For much of history, no attention was paid to female orgasms. Here’s some super brief, simplified history: Back in the 1800s when women were diagnosed with “hysteria” the cure became a doctor stimulating her clitoris and vagina until she came. These wonderful doctor’s hands would eventually tire, thus leading to the first (archaic) vibrators.
This didn’t really translate into the bedroom, though. Hysteria and its “cure” were considered medical issues. It probably wasn’t until around the 70s, with access to contraception, that women began demanding their right to come. Our Bodies, Ourselves was printed and women were taking ownership of their bodies that had been used by men for so long. Marital rape was still legal in some states until the 1980s.
The irony in it all is that women have been inundated with a million ways to please our men (lest they leave us for a woman with more tricks and we die a lonely spinster death). What corollary do straight men have? Porn? If that doesn’t change soon, women are screwed (jack-hammer style, probably).

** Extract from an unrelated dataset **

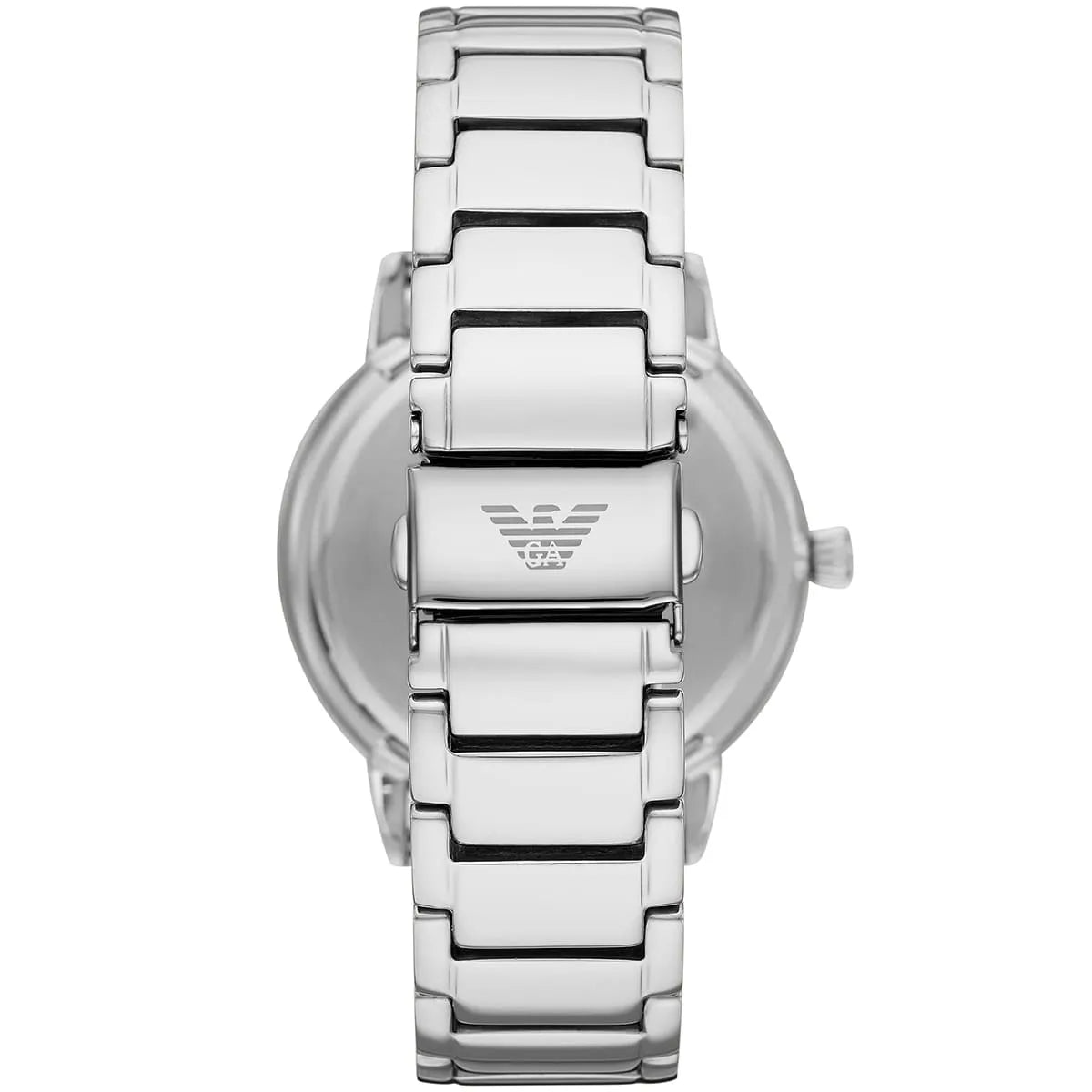 Emporio Armani Ruggero watch caseback showing stainless steel reverse with eagle logo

We need events like I Love Female Orgasm, which is happening tonight at 6 p.m. in the Ballroom. I hope I see plenty of straight men there because they’re the ones who need it most, but women also need to open themselves up, to tell their partners what they like (because 84 percent of college women have orgasmed and 39 percent need a toy or their hand to do so).
Sex and pleasure needs to stop being a guessing game, and it can only happen when we start being honest about something that’s easier to ignore (looking at you 74 percent of women who have faked it).
Sex is different for everyone. There’s no one rule a guy can follow to “make her come every time.” The only way we’ll know how to get better is by talking to our partners and being open to learning. Let the orgasms begin!